In addition, the district worked with law enforcement to write policies and protocols. It was a huge endeavor, Arnold said.
The district also had to buy rifles, handguns, bulletproof vests, uniforms, duty belts, body cameras, ammunition, and a gun safe. The salary and benefits for each guard costs about $60,000 to $70,000 and outfitting each guard costs another $2,000. The district has funded the positions and gear through its staffing budget and supplemental levies.
But, Arnold said, having the guards has been worth the cost and effort.
Armed guards are just seconds away in emergencies
In January 2020, a teacher at Lakeland Senior High School erroneously thought she heard gunshots and called a lockdown.
Within minutes, law enforcement officers from the FBI , Idaho Fish and Game, Idaho State Police and at least four different local police departments arrived at the school.
“The cavalry came,” Arnold said. “Anyone who had a weapon was there.”
Even so, it took six minutes for the first law enforcement agent to get in the doors. The armed guard on site was at the threatened classroom in just 30 seconds.
“And that’s why we have armed guards,” Arnold said. “Seconds save lives.”
But Arnold cautioned that the program only works because the right people are in place.
“I’m 100% confident that they would put their lives in danger to take care of a threat in our buildings,” Arnold said of the guards, who are all retired law enforcement officers. “It’s sad what we have to do these days, but it gives me peace of mind.”
Dennis Sanchez, the Chief of Police for the Spirit Lake Police Department, said his department (which provides one of the district’s three SROs) is supportive of the armed guards. He said they work closely with local police officers.
“They both work in concert together and that’s a great thing because both are important,” he said. “We’re very comfortable with that program right now.”
Gun safety is a top concern
Mike Munger, the program manager for the Idaho Safety and Security Program, said his organization doesn’t take a position on armed guards or teachers in schools.
However, it does encourage school boards who pursue those options to ensure armed individuals train with local law enforcement.
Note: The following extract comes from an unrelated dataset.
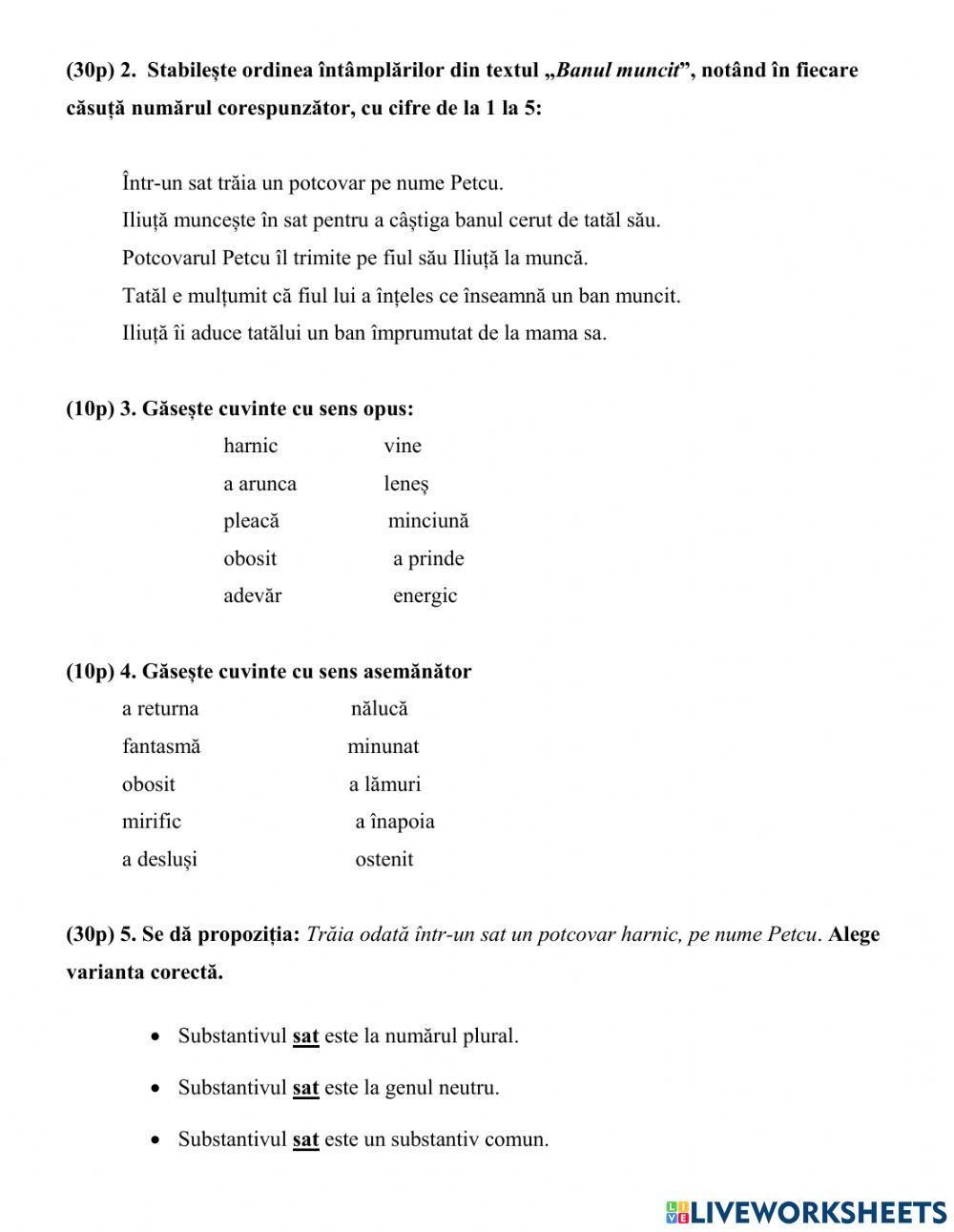 Test de evaluare, clasa a IV-a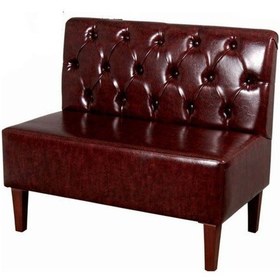 Resim Koltukstilim Kapitoneli Sedir Deri Ikili Bekleme Koltuğu Kahverengi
Doing so minimizes risks like accidental firearm discharges.
Munger didn’t know of any accidental firearm discharges in Idaho’s K-12 schools. There has been at least one such incident at one of Idaho’s higher institutions, though. In 2014, an assistant professor at Idaho State University was giving a lecture when a pistol he was carrying in his pocket discharged and shot his foot.
“It is always a concern. A negligent discharge is still a discharge in a school setting,” Munger said. “It’s one of the reasons we’re always asking questions about coordinated training.”
The Garden Valley School District has been public about its policy to allow teachers to carry guns. It’s important that local law enforcement knows which teachers carry guns so that in the event of a shooting those individuals are not mistaken as the shooter, Munger said.
Garden Valley teachers who carry guns to school also train and qualify at shooting ranges alongside local law enforcement.
“It’s really important that they show proficiency with their weapon,” Munger said. “It should go without saying, but we want to make sure people can hit what they aim at.”